▶ _Problem statement_: Pictures stay out of the answer, but every line of the material must be restated exactly.
------ Supplied information ------
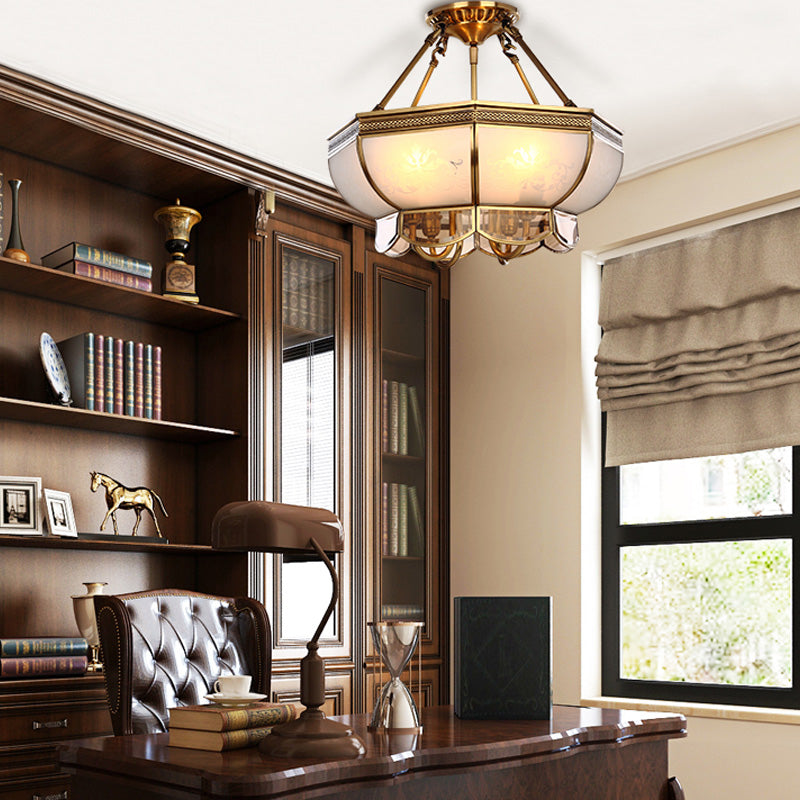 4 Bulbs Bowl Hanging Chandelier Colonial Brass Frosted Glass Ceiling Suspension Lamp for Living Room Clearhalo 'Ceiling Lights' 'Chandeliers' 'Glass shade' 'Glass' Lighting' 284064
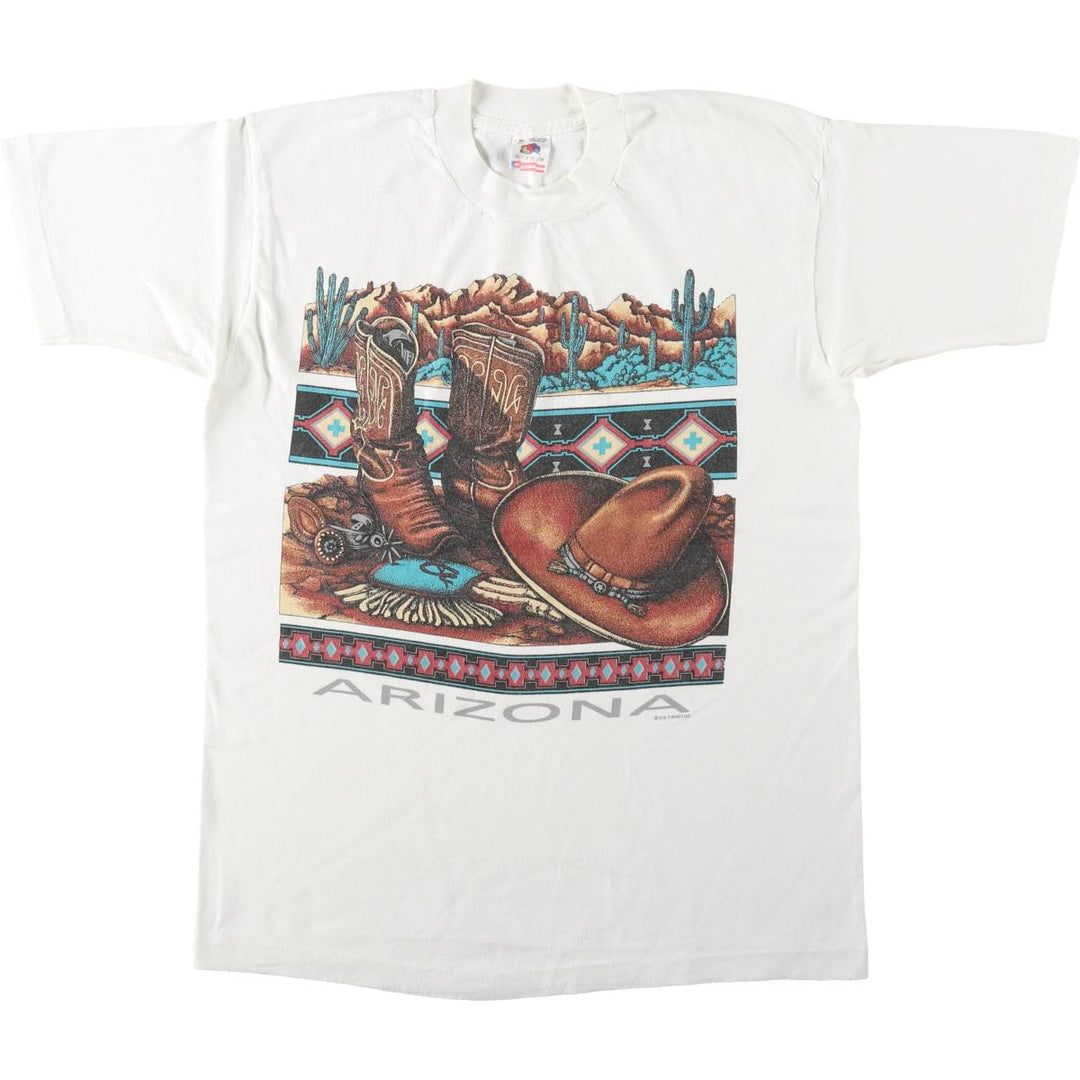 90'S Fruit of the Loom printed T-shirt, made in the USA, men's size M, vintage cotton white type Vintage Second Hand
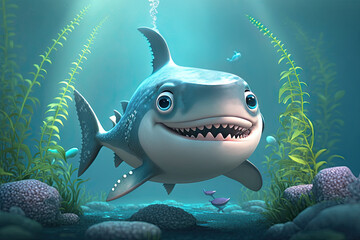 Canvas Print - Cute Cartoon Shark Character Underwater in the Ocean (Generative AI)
------
▶ _Answer to the exercise_:
 4 Bulbs Bowl Hanging Chandelier Colonial Brass Frosted Glass Ceiling Suspension Lamp for Living Room Clearhalo 'Ceiling Lights' 'Chandeliers' 'Glass shade' 'Glass' Lighting' 284064
 90'S Fruit of the Loom printed T-shirt, made in the USA, men's size M, vintage cotton white type Vintage Second Hand
 Canvas Print - Cute Cartoon Shark Character Underwater in the Ocean (Generative AI)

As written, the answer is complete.